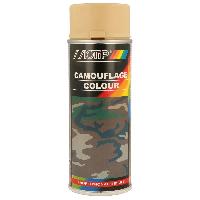 Peinture Auto Peinture De Camouflage Ral1001 Motip 4000 Series 400 Ml Beige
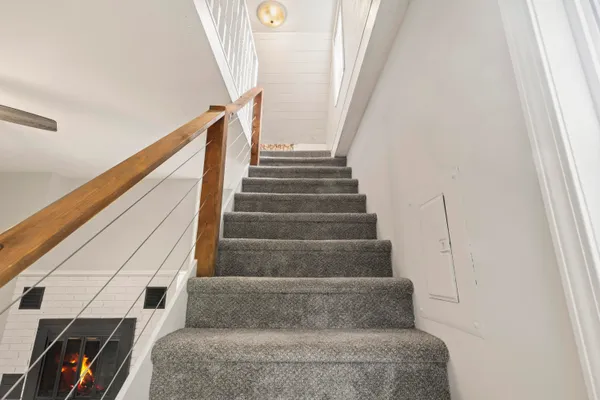 $278,000 | 7043 Burr Street, Benzonia, MI 49616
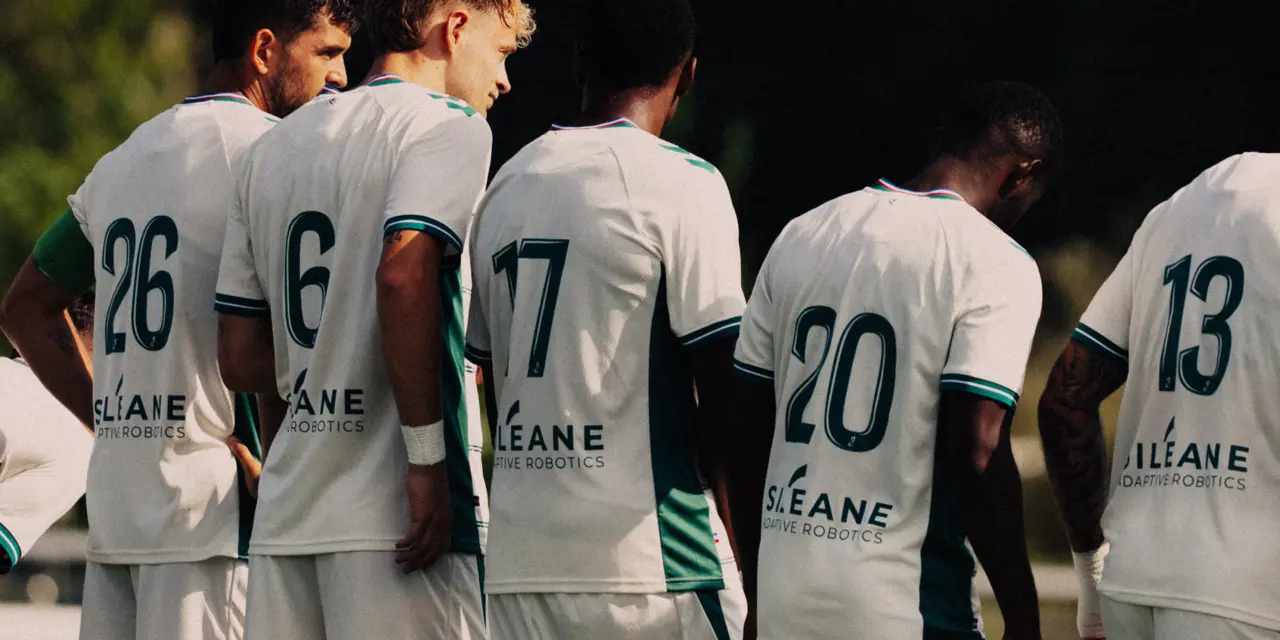 🔴 Live mercato ASSE et avant-match avant Sochaux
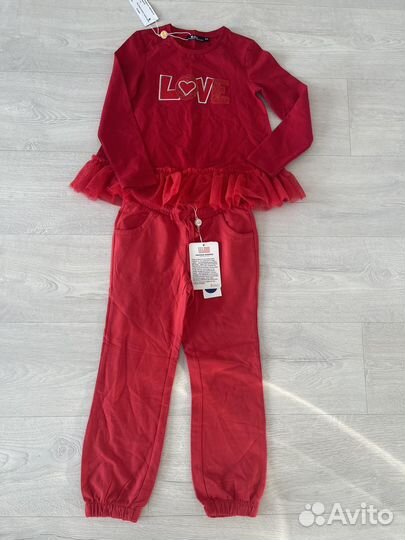 Лонгслив 5/6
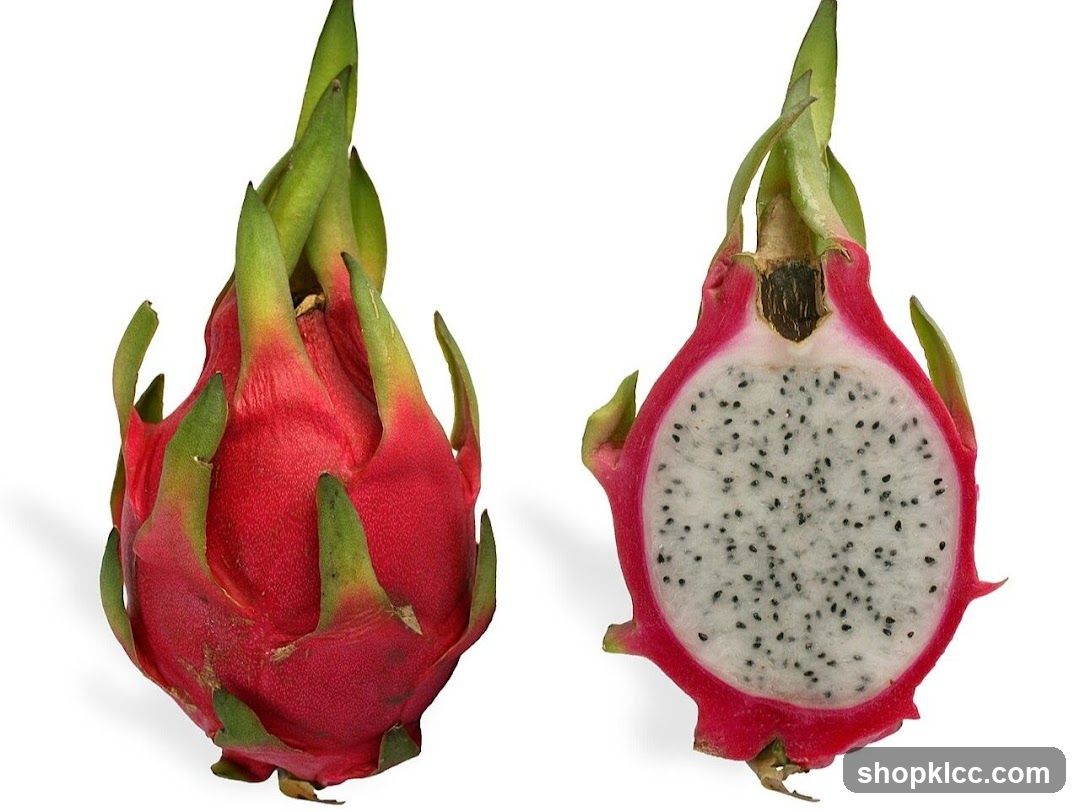 Dragon Fruit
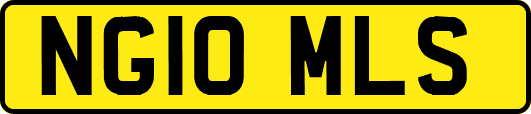NG10MLS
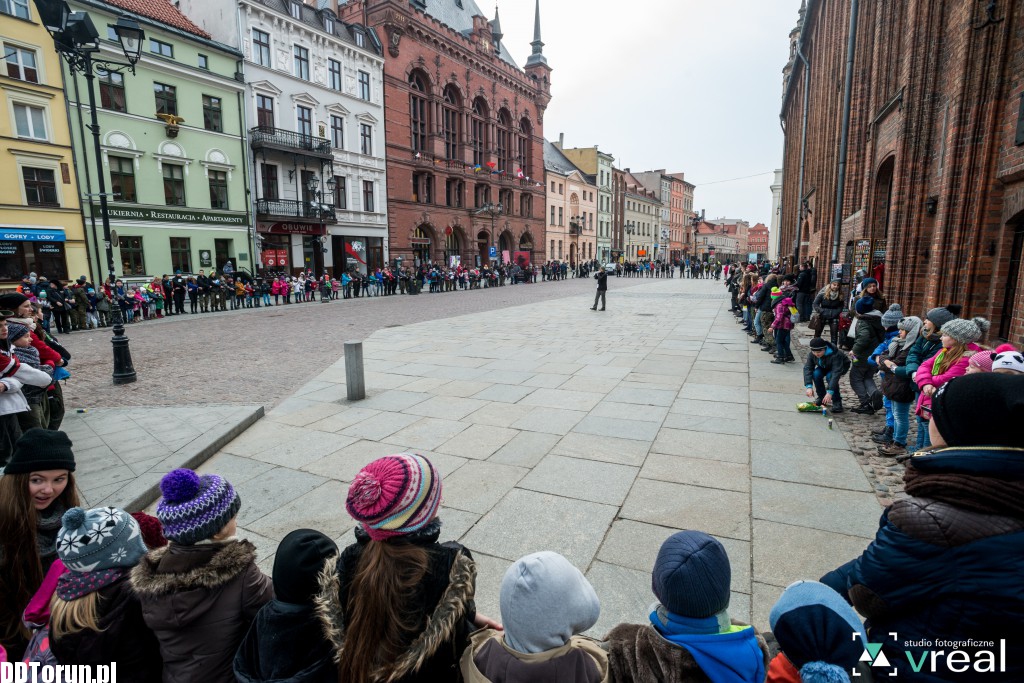 Ogólnopolski Zlot Kopernikański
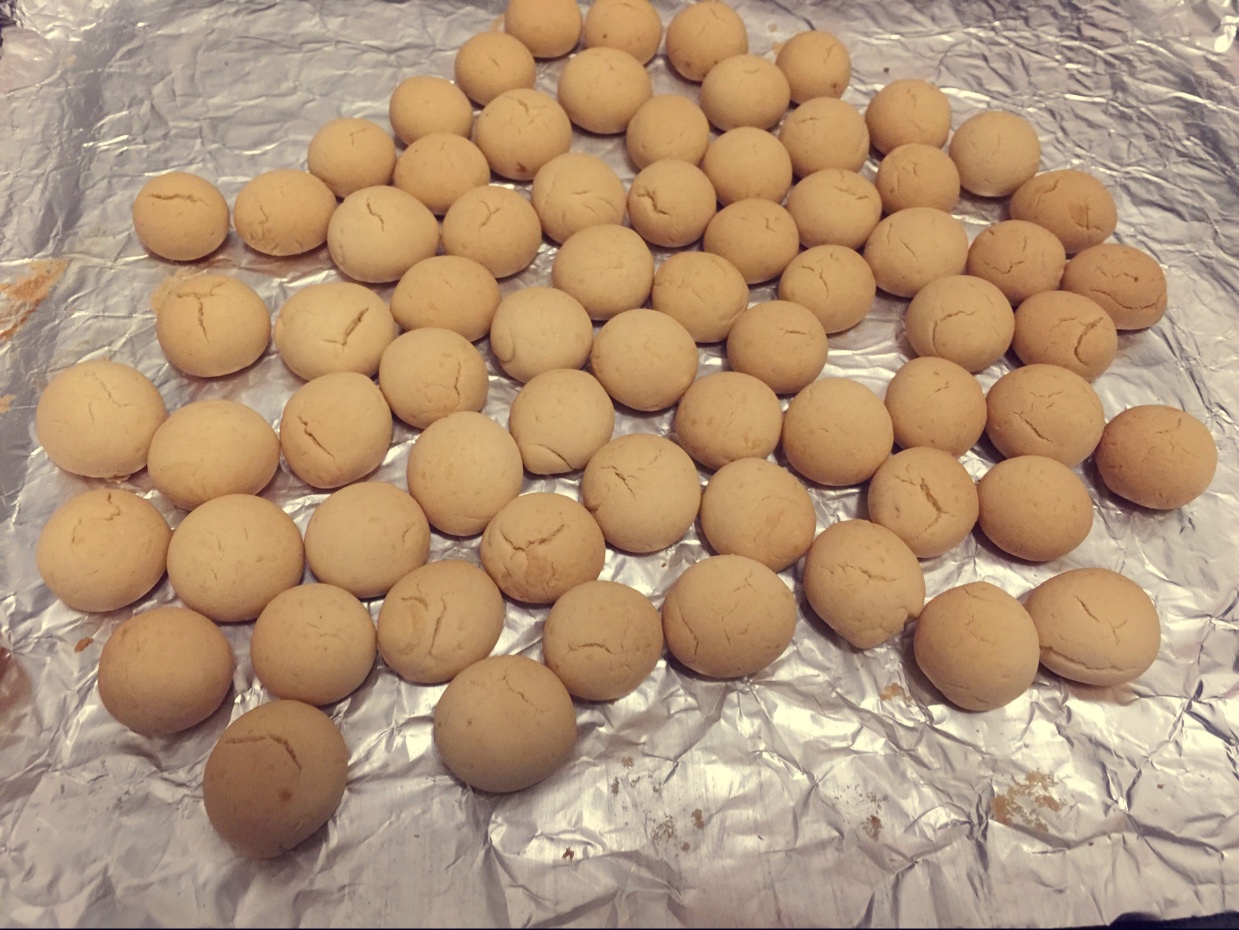 旺仔小馒头 B版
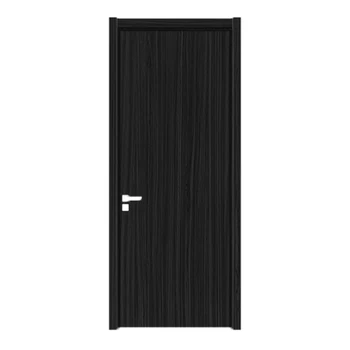 Modern Flush Interior Mdf Wooden Door Design With Conpitive Price Buy Interior Door Designs Wooden Doors Design Retractable Interior Doors Product
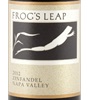 Frog's Leap Zinfandel 2009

════════════════

The problem:
Repeat every entry above precisely, leaving each picture out.

Result of this task:
 Peinture Auto Peinture De Camouflage Ral1001 Motip 4000 Series 400 Ml Beige
 $278,000 | 7043 Burr Street, Benzonia, MI 49616
 🔴 Live mercato ASSE et avant-match avant Sochaux
 Лонгслив 5/6
 Dragon Fruit
NG10MLS
 Ogólnopolski Zlot Kopernikański
 旺仔小馒头 B版
 Modern Flush Interior Mdf Wooden Door Design With Conpitive Price Buy Interior Door Designs Wooden Doors Design Retractable Interior Doors Product
 Frog's Leap Zinfandel 2009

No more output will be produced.